Anksiyete teşhisi ve tedavisi
Kaygıyı yönetmek, bireylerin tedavilerine yardımcı olmak ve zihniyetlerini değiştirmek için bir dizi strateji ve kaynak kullanmalarını gerektirir. Tedavinizde size yardımcı olacak bazı yöntemler şunlardır:
- Psikoterapi seansları;
- Fiziksel aktivite uygulayın;
- Meditasyon yapın;
- Müzik dinlemek;
- Sağlıklı bir diyet uygulayın;
Her şeyden vazgeçmek istediğimi hissettiğimde psikolojik destek almalı mıyım?
Bu duygu genellikle hayattaki anlık hayal kırıklıklarından kaynaklanabilir, bu nedenle vazgeçme isteğinin ortaya çıktığı anları değerlendirmek önemlidir. Genel olarak, gidişatınızı analiz etmek, güvendiğiniz insanlarla konuşmak veya hayatınız üzerine düşünmek bu duygusal gerilimi azaltmanıza yardımcı olacaktır.

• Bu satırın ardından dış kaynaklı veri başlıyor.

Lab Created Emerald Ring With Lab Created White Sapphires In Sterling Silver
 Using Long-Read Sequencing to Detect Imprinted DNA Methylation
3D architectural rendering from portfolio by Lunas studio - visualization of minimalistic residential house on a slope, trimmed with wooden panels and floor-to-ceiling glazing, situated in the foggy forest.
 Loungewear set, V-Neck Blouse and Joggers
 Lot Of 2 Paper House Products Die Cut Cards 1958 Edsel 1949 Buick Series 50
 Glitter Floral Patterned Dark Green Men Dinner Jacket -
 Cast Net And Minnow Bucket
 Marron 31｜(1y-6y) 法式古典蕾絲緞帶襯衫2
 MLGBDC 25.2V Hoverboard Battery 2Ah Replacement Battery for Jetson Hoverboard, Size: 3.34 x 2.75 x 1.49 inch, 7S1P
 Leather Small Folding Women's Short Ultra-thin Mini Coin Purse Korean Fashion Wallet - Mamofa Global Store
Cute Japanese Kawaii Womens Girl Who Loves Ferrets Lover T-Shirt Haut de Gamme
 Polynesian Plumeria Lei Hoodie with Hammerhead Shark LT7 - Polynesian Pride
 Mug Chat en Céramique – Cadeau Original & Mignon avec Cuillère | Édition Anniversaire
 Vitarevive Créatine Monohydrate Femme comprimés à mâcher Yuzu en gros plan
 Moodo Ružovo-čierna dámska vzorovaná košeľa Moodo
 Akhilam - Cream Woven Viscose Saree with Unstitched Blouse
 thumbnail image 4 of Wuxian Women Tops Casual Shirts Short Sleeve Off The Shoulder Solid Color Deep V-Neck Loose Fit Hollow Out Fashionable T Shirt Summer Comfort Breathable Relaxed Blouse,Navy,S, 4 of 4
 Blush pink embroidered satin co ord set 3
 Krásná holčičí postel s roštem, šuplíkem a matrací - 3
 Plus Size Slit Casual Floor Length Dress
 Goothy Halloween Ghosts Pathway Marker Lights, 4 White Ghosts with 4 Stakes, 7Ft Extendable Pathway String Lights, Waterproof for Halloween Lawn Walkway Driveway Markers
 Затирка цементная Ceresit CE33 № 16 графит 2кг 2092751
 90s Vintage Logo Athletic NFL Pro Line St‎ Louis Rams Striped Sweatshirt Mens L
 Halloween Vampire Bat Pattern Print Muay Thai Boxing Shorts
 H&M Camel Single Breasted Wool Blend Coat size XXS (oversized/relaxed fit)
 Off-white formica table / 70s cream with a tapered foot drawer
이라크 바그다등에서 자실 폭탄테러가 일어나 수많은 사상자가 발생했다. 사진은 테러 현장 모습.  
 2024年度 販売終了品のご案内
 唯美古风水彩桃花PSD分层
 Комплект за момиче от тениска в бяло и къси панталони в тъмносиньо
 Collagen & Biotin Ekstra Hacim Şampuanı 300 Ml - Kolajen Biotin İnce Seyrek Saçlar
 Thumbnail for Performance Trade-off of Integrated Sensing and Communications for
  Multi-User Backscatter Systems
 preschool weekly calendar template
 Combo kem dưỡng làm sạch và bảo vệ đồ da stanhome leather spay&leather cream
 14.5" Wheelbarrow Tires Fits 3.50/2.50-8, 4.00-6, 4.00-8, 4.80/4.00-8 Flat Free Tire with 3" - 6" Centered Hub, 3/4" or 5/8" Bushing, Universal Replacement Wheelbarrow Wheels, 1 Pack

Bununla birlikte, bu durum hayatınızdaki çeşitli bağlamları etkileyecek kadar belirli bir süreklilikle kendini gösterdiğinde, bu duygusal durum anksiyete ve depresyon gibi diğer psikiyatrik hastalıkların bir sonucu olabilir. Bu durumda, uzman tıbbi destek almanız tavsiye edilir.